Checkpoint 2

Overview: New SQL features, Limited Memory, Faster Performance
Deadline: March 16
Grade: 10% of Project Component
- 6% Correctness
- 4% Efficiency

This project follows the same outline as Checkpoint 1. Your code gets SQL queries and is expected to answer them. There are a few key differences:

Queries may now include CROSS PRODUCTs and JOINs.
Queries may now include a ORDER BY clause. Sort is a blocking, or 2-pass operator. Ideally you need to handle both the case where you can fit everything into memory and the case where you can not. However, this time, you are only required to handle the case where you can fit everything into memory. However, everything does not cover SQL to RA translation mistakes, so be careful where you place your PROJECTION.
Queries may now include a LIMIT clause, and/or a nested subquery. The subquery can be either in the FROM clause or in the WHERE clause.

Sorting and Grouping Data

Sort is a blocking operator. Before it emits even one row, it needs to see the entire dataset. If you have enough memory to hold the entire input to be sorted, then you can just use Java's built-in Collections.sort method. However, for at least a few queries you will likely not have enough memory to keep everything available. In that case, a good option is to use the 2-pass sort algorithm that we discussed in class.

Grading Workflow

All .java files in the src directory at the root of your repository will be compiled (and linked against JSQLParser). A main file that you can take as an example is given here. As before, the class edu.buffalo.www.cse4562.Main will be invoked with no arguments, and a stream of semicolon-delimited queries will be printed to System.in (after you print out a prompt)

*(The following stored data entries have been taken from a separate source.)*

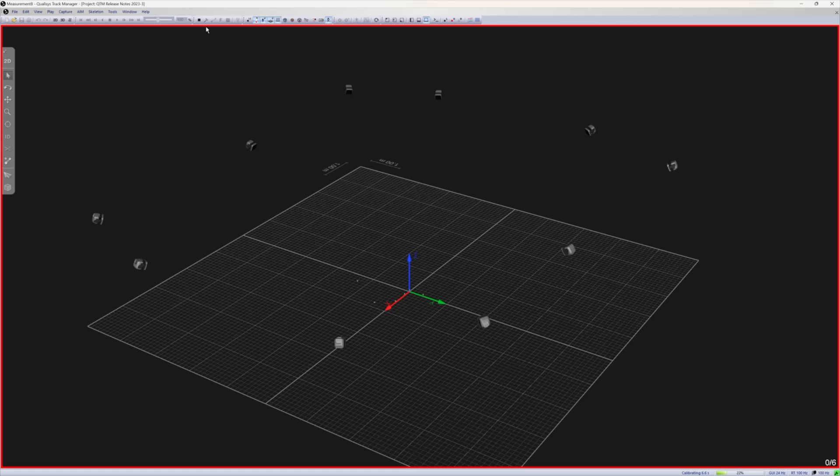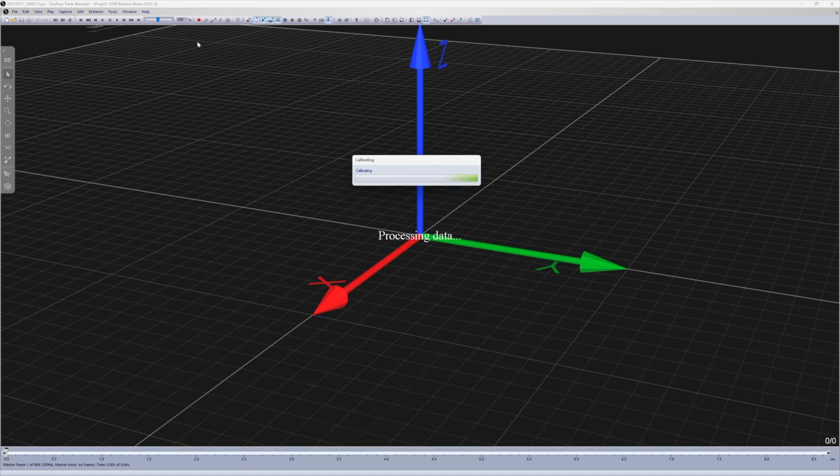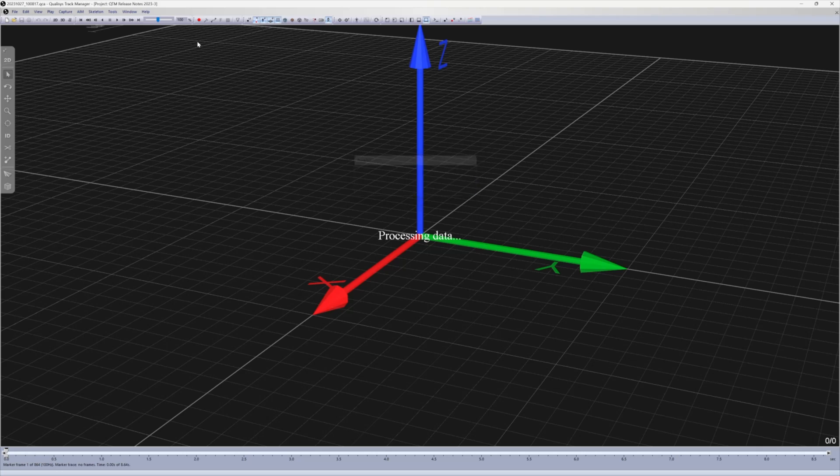When calibrating your Qualisys system, you can now stop calibrations before the specified time is up.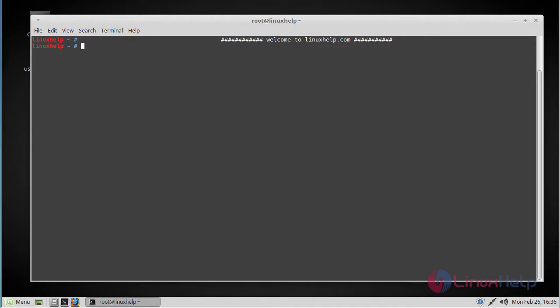Hello viewers, welcome to linuxmint.com. Today we're going to see how to install the Geary email client on Linux Mint 18.3.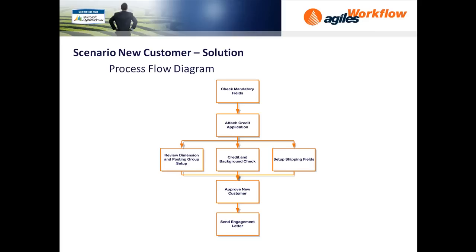Let's take a look at the process flow diagram. It begins with checking some mandatory fields on the customer card followed by attaching the credit application. The next three to-dos, various checks and setups, can all happen at the same time. Once they've been completed, we can move on to Approve New Customer and then Send Engagement Letter.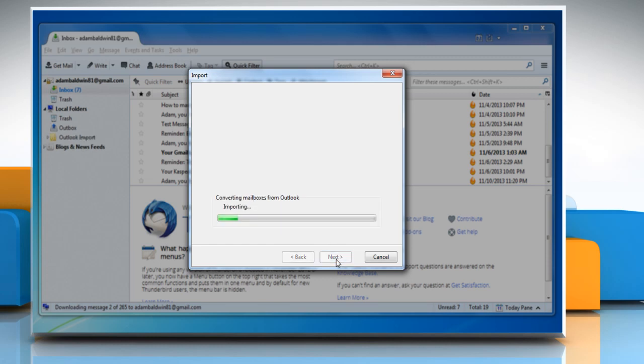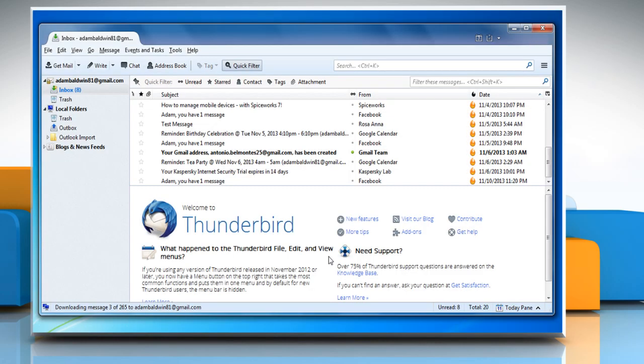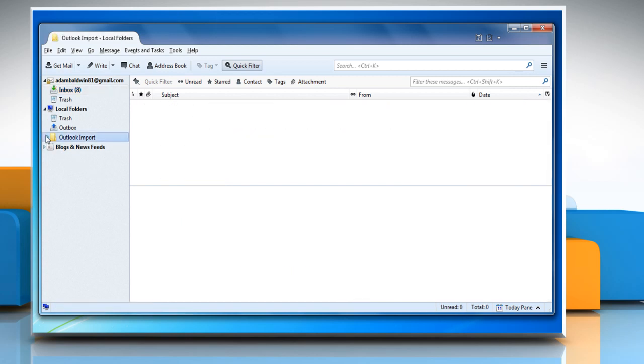The import wizard will process the emails and display the results. Click Finish. The emails will now be stored in a folder called Outlook Import under the Local Folders directory.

For example (red text is entered by the user/grader):

bash> ls data
R.dat
S.dat
T.dat
bash> cat data/R.dat
1|1|5
1|2|6
2|3|7
bash> cat data/S.dat
1|2|6
3|3|2
3|5|2
bash> find {code root directory} -name \*.java -print > compile.list
bash> javac -cp {libs location}/commons-csv-1.5.jar:{libs location}/evallib-1.0.jar:{libs location}/jsqlparser-1.0.0.jar -d {compiled directory name} @compile.list
bash> java -cp {compiled directory name}/src/:{libs location}/commons-csv-1.5.jar:{libs location}/evallib-1.0.jar:{libs location}/jsqlparser-1.0.0.jar edu.buffalo.www.cse4562.Main --data data/
$> CREATE TABLE R(A int, B int, C int);
$> CREATE TABLE S(D int, E int, F int);
$> SELECT B, C FROM R WHERE A = 1;
1|5
2|6
$> SELECT A, E FROM R, S WHERE R.A = S.D;
1|2
1|2

For this project, we will issue 5 queries to your program excluding CREATE TABLE queries. 3 of these queries will NOT be timed, and they will evaluated based on the correctness of the query results. Answering each query successfully will bring you 1 point each. An example file you will read the data from is given here. The remaining two queries will be timed, and they will run on files that have around 1000 tuples (~100 KB). You will receive 1.5 points for each query if you can return correct results. You will receive additional 2 points for each query for matching or beating the reference implementation timewise. Also keep in mind that for ALL queries, the grader will time out and exit after 5 minutes. There is also a memory limit that will not allow you to load full tables and cross product them for joins.

	Points for Correctness	Points for Performance	Table Size
Query 1	1	0	~500 tuples each table
Query 2	1	0	~500 tuples each table
Query 3	1	0	~500 tuples each table
Query 4	1.5	2	~1000 tuples each table
Query 5	1.5	2	~1000 tuple each table